Tribeca scores high in many categories such as good public schools, fantastic transport links and very low crime rates. It is thus an attractive option for families in Manhattan, although only the wealthiest can afford to live there.
Brooklyn and Queens
Brooklyn is the most populous borough and home to people of various cultural, social and ethnic backgrounds. It boasts its very own arts scene, a great deal of noteworthy architecture as well as Coney Island, one of the oldest amusements parks in the country, located on Brooklyn´s long beachfront.
Some neighborhoods recommended for families are Park Slope, Cobble Hill, and Boerum Hill, all of which have low crime statistics, a lot of green spaces and good public schools. While prices for accommodation are not cheap, they reflect good value for money.
Queens is the largest borough in terms of surface area and the most ethnically diverse community in the whole country. The growing population is a good indicator for the popularity of Queens’ mostly residential and middle class neighborhoods, among them Sunny Side, Woodside, and Jackson Heights. Queens is also home to two of New York´s international airports, the John F. Kennedy Airport and La Guardia Airport.
Bronx and Staten Island
Despite numerous new development projects and an ongoing regeneration process, the Bronx is probably still the least desirable borough to live in. Arguably most famous for being the cradle of hip hop and rap, the Bronx still has a vibrant street culture.
The median household income is lower than elsewhere in New York, and the quality of housing can vary greatly. However, the derelict facades of abandoned buildings, which were such a common sight in the 1980s, are now a thing of the past. Among the more attractive neighborhoods are Riverdale and Co-op City, but commutes to Manhattan are long.

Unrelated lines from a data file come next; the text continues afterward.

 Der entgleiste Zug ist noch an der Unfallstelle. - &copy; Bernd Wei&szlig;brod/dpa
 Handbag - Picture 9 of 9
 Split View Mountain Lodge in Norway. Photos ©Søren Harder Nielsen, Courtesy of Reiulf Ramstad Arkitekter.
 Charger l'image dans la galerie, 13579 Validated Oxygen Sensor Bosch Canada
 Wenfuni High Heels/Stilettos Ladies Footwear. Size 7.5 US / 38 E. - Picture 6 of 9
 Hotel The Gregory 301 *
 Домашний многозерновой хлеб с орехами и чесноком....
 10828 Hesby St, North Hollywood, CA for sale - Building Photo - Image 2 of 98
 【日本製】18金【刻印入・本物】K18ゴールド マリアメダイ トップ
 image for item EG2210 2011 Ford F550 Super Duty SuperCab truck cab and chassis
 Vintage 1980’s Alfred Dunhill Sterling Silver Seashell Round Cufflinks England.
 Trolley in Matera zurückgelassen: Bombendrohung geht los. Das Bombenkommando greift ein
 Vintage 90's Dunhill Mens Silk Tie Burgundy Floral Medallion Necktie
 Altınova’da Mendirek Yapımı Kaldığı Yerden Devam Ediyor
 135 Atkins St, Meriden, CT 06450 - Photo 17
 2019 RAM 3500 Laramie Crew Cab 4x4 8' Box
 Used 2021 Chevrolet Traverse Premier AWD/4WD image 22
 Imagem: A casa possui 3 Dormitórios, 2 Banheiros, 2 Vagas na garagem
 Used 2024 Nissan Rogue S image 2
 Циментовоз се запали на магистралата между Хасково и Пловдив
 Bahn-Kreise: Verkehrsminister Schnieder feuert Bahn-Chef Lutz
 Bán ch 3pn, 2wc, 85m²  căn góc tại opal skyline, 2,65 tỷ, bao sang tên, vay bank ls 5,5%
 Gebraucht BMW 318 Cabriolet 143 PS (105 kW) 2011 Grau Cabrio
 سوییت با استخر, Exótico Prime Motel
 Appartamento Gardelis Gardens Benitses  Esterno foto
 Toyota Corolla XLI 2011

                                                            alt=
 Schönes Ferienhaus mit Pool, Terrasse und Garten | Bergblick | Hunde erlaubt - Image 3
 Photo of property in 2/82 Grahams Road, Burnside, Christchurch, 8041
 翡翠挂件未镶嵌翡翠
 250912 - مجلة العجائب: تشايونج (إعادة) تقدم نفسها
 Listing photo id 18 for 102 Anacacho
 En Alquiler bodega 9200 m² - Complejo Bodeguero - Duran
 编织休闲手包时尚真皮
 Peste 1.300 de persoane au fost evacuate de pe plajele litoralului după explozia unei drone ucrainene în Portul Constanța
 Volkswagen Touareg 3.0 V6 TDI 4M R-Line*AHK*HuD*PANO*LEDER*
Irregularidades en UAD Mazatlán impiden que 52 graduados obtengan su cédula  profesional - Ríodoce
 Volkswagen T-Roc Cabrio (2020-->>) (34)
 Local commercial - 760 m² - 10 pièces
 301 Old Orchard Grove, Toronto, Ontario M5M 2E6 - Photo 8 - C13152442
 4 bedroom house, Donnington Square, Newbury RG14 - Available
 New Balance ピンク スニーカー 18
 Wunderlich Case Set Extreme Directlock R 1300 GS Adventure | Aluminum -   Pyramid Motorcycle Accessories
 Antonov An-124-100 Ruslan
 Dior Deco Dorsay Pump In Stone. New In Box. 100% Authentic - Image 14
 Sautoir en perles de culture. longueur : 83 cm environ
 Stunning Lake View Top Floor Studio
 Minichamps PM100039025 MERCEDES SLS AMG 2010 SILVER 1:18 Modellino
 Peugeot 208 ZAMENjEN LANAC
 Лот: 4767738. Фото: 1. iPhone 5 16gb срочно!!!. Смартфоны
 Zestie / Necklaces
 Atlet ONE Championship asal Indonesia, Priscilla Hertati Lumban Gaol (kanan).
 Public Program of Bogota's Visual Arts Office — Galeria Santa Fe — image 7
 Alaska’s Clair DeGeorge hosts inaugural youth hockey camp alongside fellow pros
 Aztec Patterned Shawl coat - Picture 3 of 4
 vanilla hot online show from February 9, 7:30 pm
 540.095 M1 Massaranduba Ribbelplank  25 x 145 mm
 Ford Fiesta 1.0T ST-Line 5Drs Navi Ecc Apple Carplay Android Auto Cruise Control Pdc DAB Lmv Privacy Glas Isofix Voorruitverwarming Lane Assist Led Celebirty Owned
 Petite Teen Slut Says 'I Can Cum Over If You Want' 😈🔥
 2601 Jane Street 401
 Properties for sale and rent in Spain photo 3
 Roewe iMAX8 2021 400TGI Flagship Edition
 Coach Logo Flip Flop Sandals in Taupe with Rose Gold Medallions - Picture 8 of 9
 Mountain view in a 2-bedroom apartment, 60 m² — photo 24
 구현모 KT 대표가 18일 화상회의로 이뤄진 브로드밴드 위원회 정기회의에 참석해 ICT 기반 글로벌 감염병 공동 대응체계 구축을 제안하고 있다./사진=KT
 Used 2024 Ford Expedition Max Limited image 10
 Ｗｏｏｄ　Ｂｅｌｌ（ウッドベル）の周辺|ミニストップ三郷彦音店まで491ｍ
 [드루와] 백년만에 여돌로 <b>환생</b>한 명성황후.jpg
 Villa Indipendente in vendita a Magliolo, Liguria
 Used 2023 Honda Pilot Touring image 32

Staten Island is the most suburban of New York´s boroughs. Public transport in general is below average. The subway does not operate there and the only mass transit linking Staten Island to Manhattan is the free Staten Island ferry, popular with commuters and tourists alike. Due to their proximity to Manhattan, neighborhoods like West New Brighton or St George on the North Shore are particularly desirable.